-------- Excerpted data --------
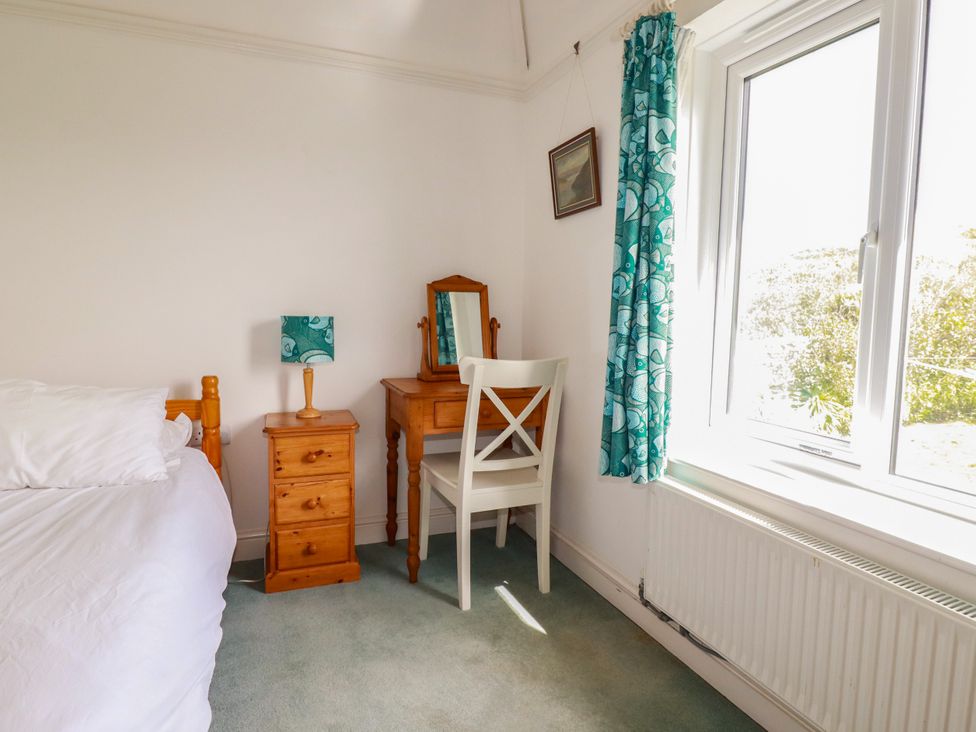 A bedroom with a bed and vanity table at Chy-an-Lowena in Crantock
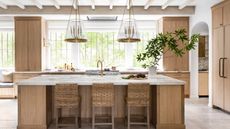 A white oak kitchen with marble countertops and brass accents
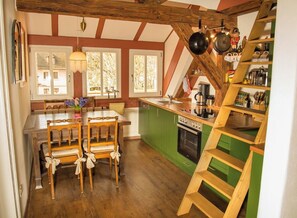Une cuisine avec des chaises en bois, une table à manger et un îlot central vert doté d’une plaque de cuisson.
--------
-------- Excerpted data --------
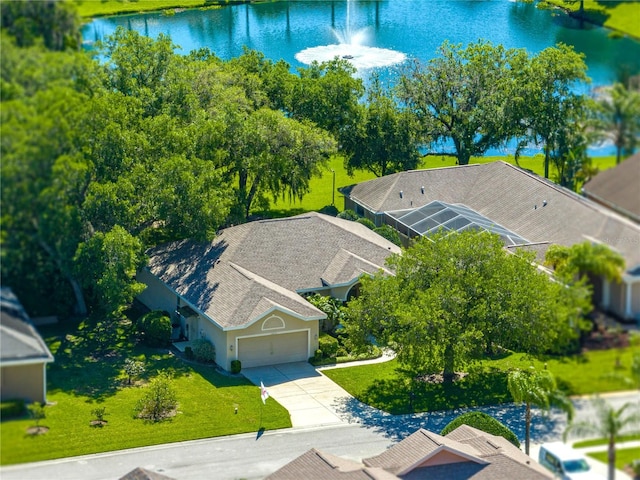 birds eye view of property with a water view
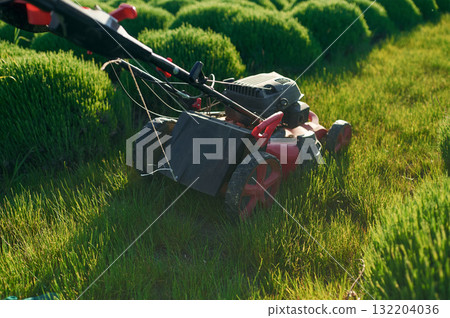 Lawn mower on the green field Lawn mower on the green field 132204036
--------
-------- Excerpted data --------
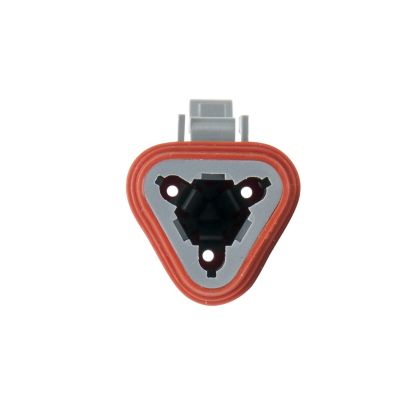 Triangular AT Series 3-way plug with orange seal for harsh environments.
--------
**Activity**. Exactly the lines starting at the one above with "A white oak" and ending at the one with "Une cuisine avec" should be printed, and nothing else. Omit the pictures.

**Response below**.
 A white oak kitchen with marble countertops and brass accents
Une cuisine avec des chaises en bois, une table à manger et un îlot central vert doté d’une plaque de cuisson.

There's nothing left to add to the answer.